18. By God’s grace, these three processes of Christian Initiation, Renewal of the Liturgy, and The Call to Holiness help us to do His bidding. They allow us to more clearly understand and express the following of Jesus, our Catholic discipleship, in this young and burgeoning Diocese of Tyler. By His grace, the new ministry of evangelization in the Diocese of Tyler, the Agape Guild, encourages us all to experience a deeper encounter with the Most Holy Trinity. By His grace, our hearts and our minds are opened to the needs of the poor whom Christ prefers. Through the new ministry of Catholic Charities and in collaboration with others, we reach out to the poor in love and justice. By His grace, new faith communities are born and fledgling parishes and missions of the Diocese receive our support that they must have to flourish. Catholic schools of the Diocese give wonderful public witness. Catechists are being formed in great numbers. The faith formation of individuals, families, and of whole communities is ablaze with a renewed vitality. By His grace, the material needs of His Church are met with the increasingly generous almsgiving of the faithful through the Bishop’s Appeal. By His grace, we are blessed with an abundance of seminarians, deacon candidates, and women discerning their call to religious vocations. Everything comes by God’s grace and through our cooperation with His grace. This is our life in Christ Jesus, our walk in His footsteps empowered by the Holy Spirit at Pentecost and directed to the Glory of God. This is Catholic discipleship in the Diocese of Tyler, to preach Jesus the eternal Word of the Father and to embrace the sacramental way of His Church.

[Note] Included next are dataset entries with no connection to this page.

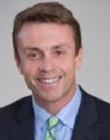 Steve Witt has short brown hair, wears a suit and tie, and smiles for the camera
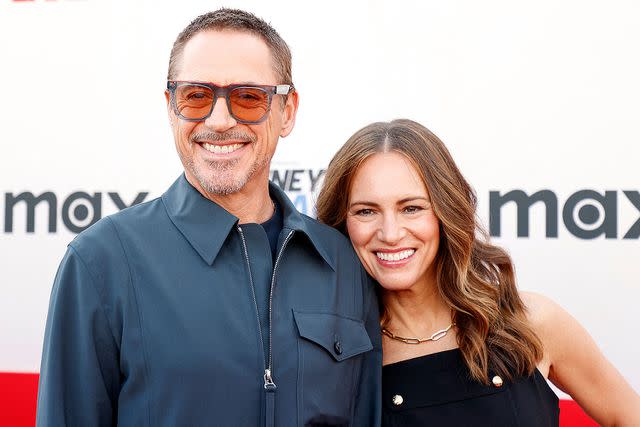 <p>MICHAEL TRAN/AFP via Getty </p> Robert Downey Jr. attends the premiere of 'Downey's Dream Cars' with Susan Downey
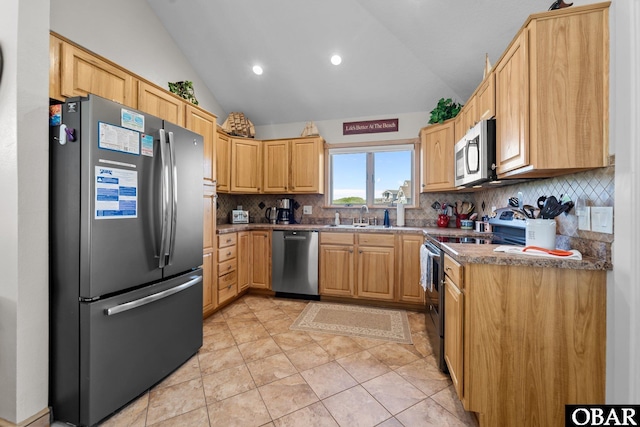 kitchen with light brown cabinetry, appliances with stainless steel finishes, a sink, lofted ceiling, and backsplash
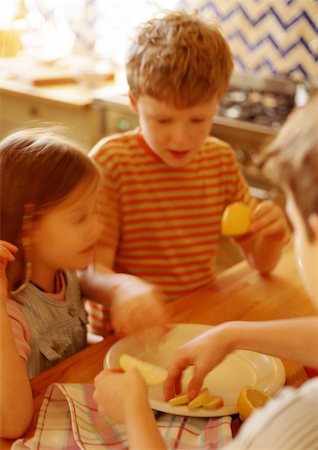 simsearch:695-03384582,k - Children in kitchen putting apple slices on plate, blurred Stock Photo - Premium Royalty-Free, Code: 695-03384571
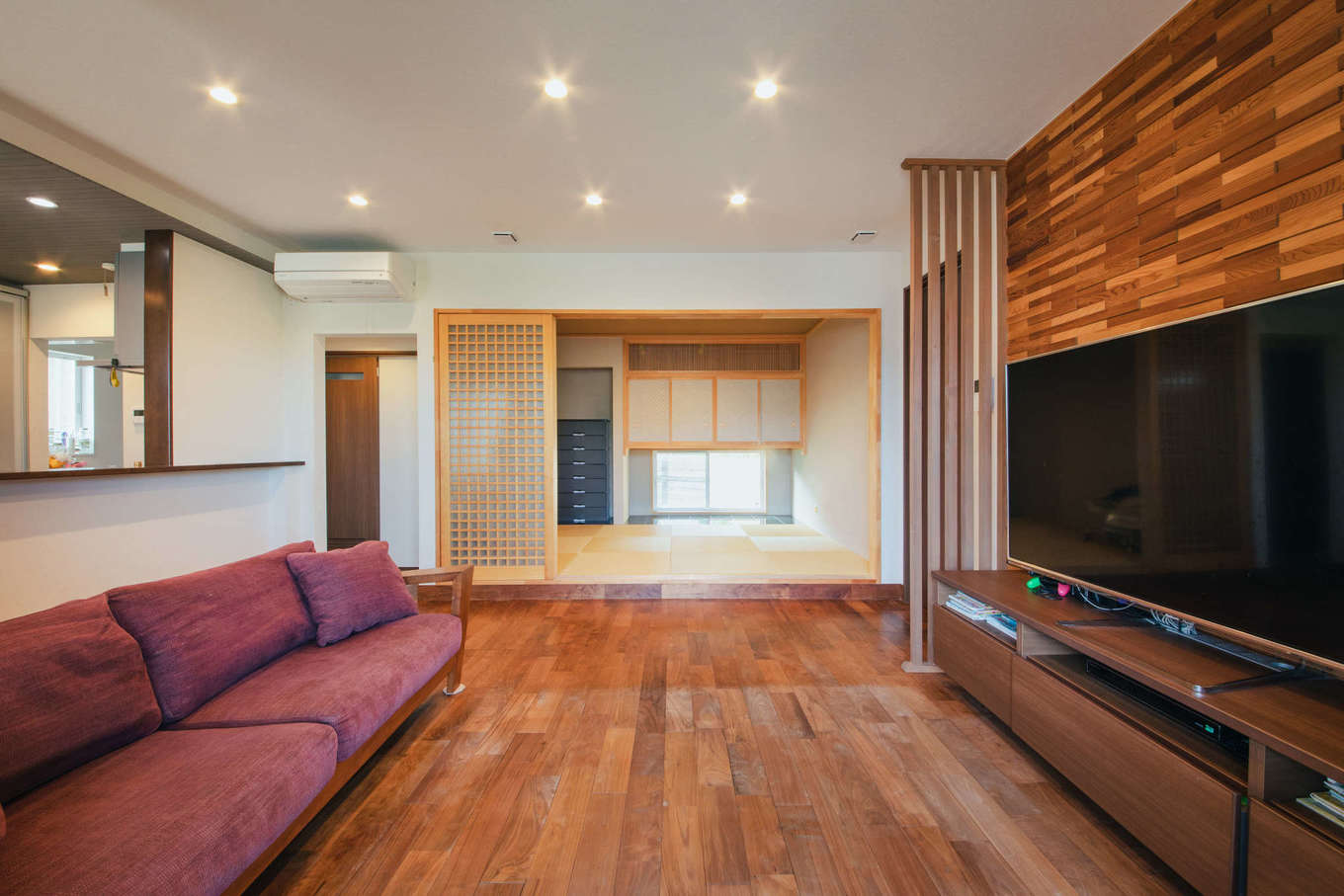 エフエフ住宅【子育て、和風、自然素材】チークの無垢板張りのアクセントウォールが高級感と重厚感をもたらすリビング。キッチンの正面に位置しているので、キッチンからもテレビを観たり、家族と会話したりできる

19. As your bishop and successor of the Apostles, I call you all to follow the way of the discipleship of Jesus in response to His call to holiness. Christ crucified and risen from the dead is our Catholic identity in East Texas and His way, our way, is the way of the cross. Our rule of life, as His disciples, must include the revival of prayer, fasting, and almsgiving in our personal lives, our families and parish life. The way of the cross is the way to live a life of happiness and holiness more fully. Therefore, let every disciple of Christ in the Diocese of Tyler come to appreciate, practice, and more fully experience the way of the cross through prayer, fasting and almsgiving. In the life of the Church, let these three powerful instruments of God’s transforming love become the catalysts for greater evangelization, charity, missionary zeal, material support, education, catechesis, faith formation, and vocations in the Diocese of Tyler.

20. In a hand-written letter to the Superior General of the Jesuits, Pope Benedict XVI gives us the words to close my call to you. “The answer to the commandment of love is 7 made possible only by the experience that this love has already been given us by God ... Opening our hearts to God’s will must renew itself at every moment: ‘Love is never ‘finished’ and complete”. (cf. Deus Caritas Est, n. 17).44

21. On the feast of Sts. Peter and Paul, let us commit ourselves like Peter to answer “Lord, You know all things. You know that I love You” 45 and like St. Paul, on the road to Damascus, let us meet Christ who calls on us saying “why do you persecute me?” 46

In Tyler, June 29, 2006
Feast of Sts. Peter and Paul, Apostles



___________________________________
Most Reverend Alvaro Corrada del Rio, S.J.